Album Review: Alan Jackson - "Where Have You Gone"

No longer chasing radio hits, Alan Jackson now is free to explore "harder country," and keeping traditional country music alive.

When country singers get to be 62, they don’t usually make epic, 21-track albums. Nobody told Alan Jackson about this informal guideline, however, because his fine new release is lengthy, yet doesn’t ever seem long. Jackson has one of those distinctly fine country voices; a voice one can listen to indefinitely.

Jackson has called this album “harder country” than what he’s done in the past, which is really saying something. Jackson is one who has always kept the traditional country flame burning strong. He, after all, released the none too subtle “Murder on Music Row” in 2000, which harshly criticized the genre’s wide straying from its roots. This new album’s title track is also a type of last rites for country music, if you will. This one is so sad, though, it plays out like Jackson’s actually mourning a real person.
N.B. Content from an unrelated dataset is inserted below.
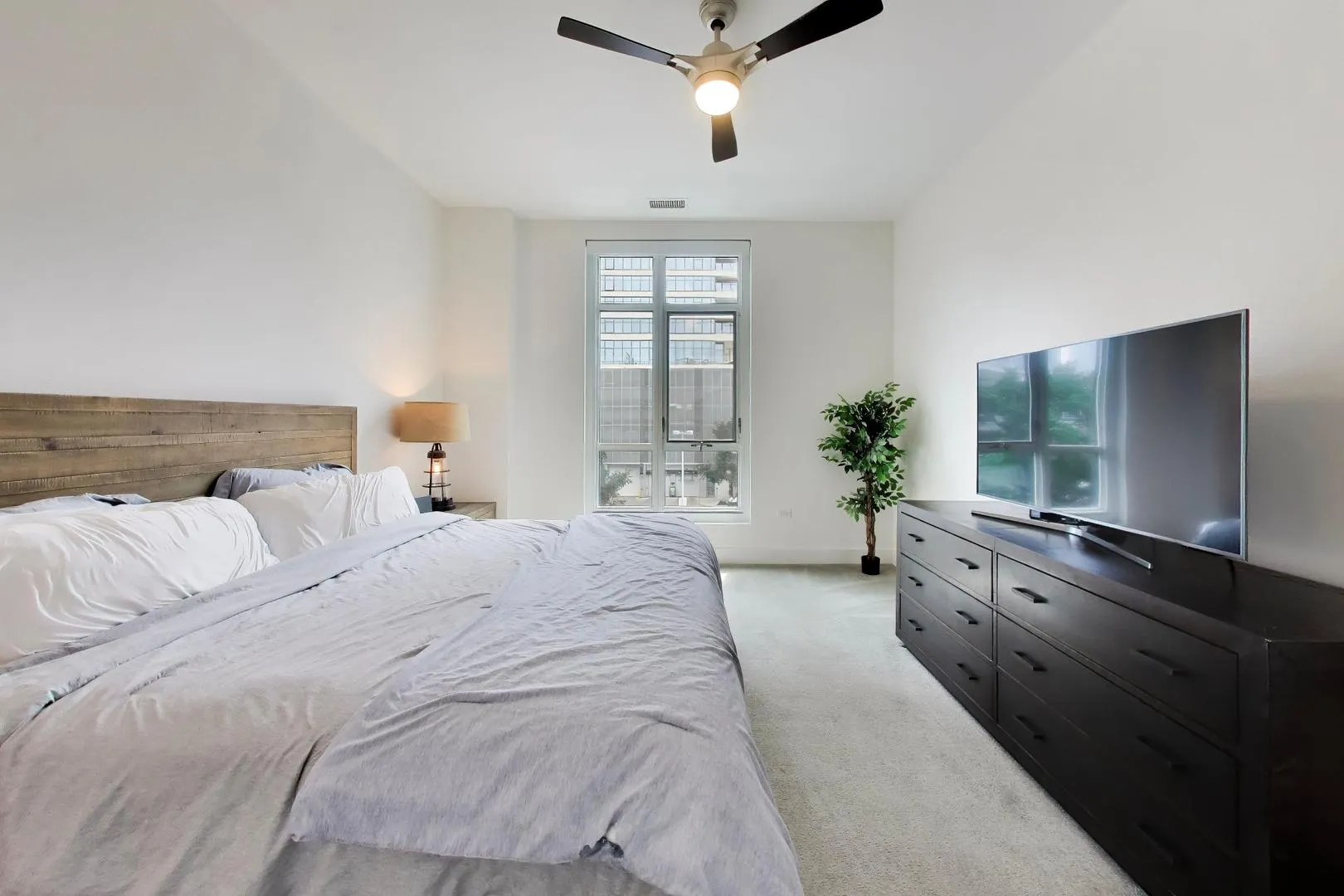 367 W Locust Street IL #305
It’s slow, tragic, yet beautiful in its own perverse way.

One called “Way Down In My Whisky,” though, is a post-breakup drinking song, where time spent deep in the bottle brings back his lost love’s ghost. Sonically this, and all the album’s other tracks, feature traditional instrumentation. There’s no shortage of fiddle and steel guitar throughout.

The album closes with one of the few Jackson didn’t write, called “The Older I Get.” It speaks of how age helps clarify and bring into focus what’s truly important in life. It’s not the material stuff that matters most, but the relationships we have with one another that matter most. This album reveals how Alan Jackson still has much to say, and nobody speaks traditional country better than this man.

1 Comments

  • Reghardt Van Dyk

    Hi Dan. I could not agree more. Alan Jackson is like a fine red wine that only gets better with time. I'm South African but love American country music. Not the new stuff, though. I love the haunting cry of a steel guitar and tearful fiddle whines. I will gladly fork out for any album Alan releases. He is simply as good as it gets, period!